### What needs to be done
If a line in the data below holds the word "with", copy it.

### Data records
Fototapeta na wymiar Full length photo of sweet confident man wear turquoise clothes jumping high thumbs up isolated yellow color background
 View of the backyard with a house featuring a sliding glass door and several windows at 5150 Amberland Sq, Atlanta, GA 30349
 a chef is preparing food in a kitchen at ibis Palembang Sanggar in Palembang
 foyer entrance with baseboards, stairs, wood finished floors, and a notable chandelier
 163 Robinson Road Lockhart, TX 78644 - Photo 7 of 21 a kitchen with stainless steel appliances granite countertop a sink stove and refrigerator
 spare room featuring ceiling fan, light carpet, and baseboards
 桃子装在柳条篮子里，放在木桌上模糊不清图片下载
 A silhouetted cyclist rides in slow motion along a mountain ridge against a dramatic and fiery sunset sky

### Output for this task
 View of the backyard with a house featuring a sliding glass door and several windows at 5150 Amberland Sq, Atlanta, GA 30349
 foyer entrance with baseboards, stairs, wood finished floors, and a notable chandelier
 163 Robinson Road Lockhart, TX 78644 - Photo 7 of 21 a kitchen with stainless steel appliances granite countertop a sink stove and refrigerator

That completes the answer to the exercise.